Android devices may be appealing on many levels to businesses, but security and centralized management are not among the attractions. Now, a new security and management platform for Android could fill in that missing piece.

The new enterprise platform is the result of a strategic alliance between 3LM, a subsidiary of Motorola Mobility, and BoxTone, which specializes in enterprise mobility management (EMM). The companies said the product is the first full lifecycle embedded security and management platform for mobile devices and apps on Android.

Comparable To BlackBerry and iOS

3LM's mobile-device management platform, combined with security solutions from BoxTone, offers the kind of control and support that IT departments can achieve with BlackBerry and iOS, the companies said.

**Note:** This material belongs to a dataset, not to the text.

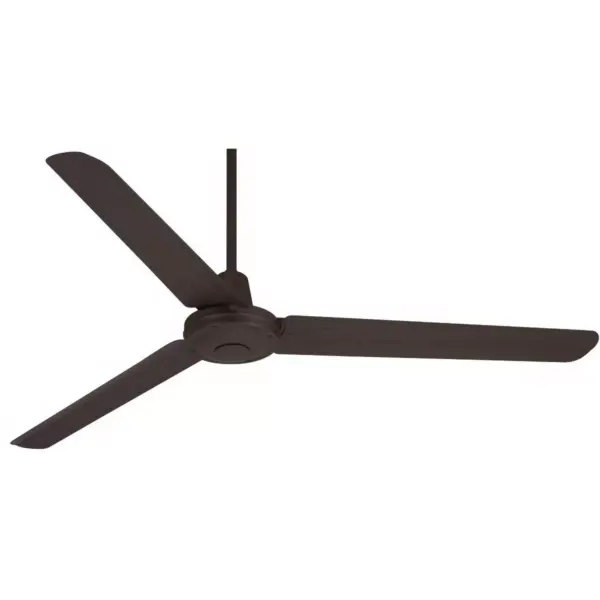 60" Casa Vieja Modern Industrial Outdoor Ceiling Fan Remote Control Oil Rubbed Bronze Damp Rated for Patio Porch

Tom Moss, co-founder and CEO of 3LM, said in a statement that "BoxTone brings the broad industry credentials, major installed base, multichannel distribution model and EMM platform for integrating the 3LM platform."

The integrated platform enables device encryption of full memory and SD card data, selective encryption of apps, remote control of wiping capabilities, access to in-house systems, application installs, and tracking of devices.

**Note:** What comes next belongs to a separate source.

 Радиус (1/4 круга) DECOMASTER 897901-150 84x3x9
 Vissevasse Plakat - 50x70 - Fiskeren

As Android has grown by leaps and bounds, so have stories about security issues. Earlier this month, for instance, a security flaw in HTC Android phones was revealed by a developer. The flaw could make users' personal data vulnerable to being read by most apps on at least several HTC models.

Some observers said the flaw appeared to be specific to HTC phones, and was related to logging tools that HTC introduced in recent updates. That alone could raise issues for IT departments, since various manufacturers could issue updates that compromise their particular Android models, complicating the task of securing an enterprise fleet of phones from various manufacturers.

Android a Malware Target

Android is also now big enough to be a tempting target for malware. According to report released in August by security firm McAfee, the amount of malware targeted at Android devices increased 76 percent over the previous quarter. The report also noted that Android had moved into third place under the category of "most-attacked platform for mobile malware."

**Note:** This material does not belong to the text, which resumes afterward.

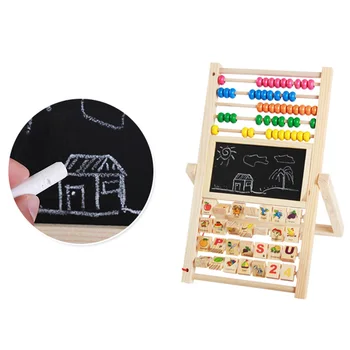 

Wooden Multifunction Abacus Learning Stand Toys Kids Counting Cognition Board Early Educational Math Toy Gift for Children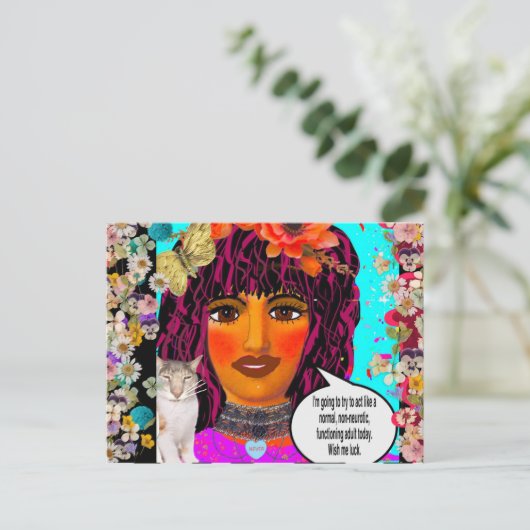 Postkarte (Stehend Vorderseite)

Laura DiDio, an analyst with Information Technology Intelligence, said security and centralized management were key to Android's success in the enterprise market. She noted that, at a conference she attended last month, IT managers were talking about introducing the iPad to their companies, but few wanted to allow Android devices because of "security and tech support issues."

DiDio pointed out that the new 3LM/BoxTone platform is "hardly the first product to attempt to provide security for Android devices," but that it was unique in attempting to secure the entire Android environment, not just apps.

She also said that 3LM's ownership was "absolutely" a factor in Google's decision to acquire Motorola Mobility. Motorola Mobility bought 3LM in February. 3LM was founded by Tom Moss and Gaurav Mathur, who had been part of Google's Android development team.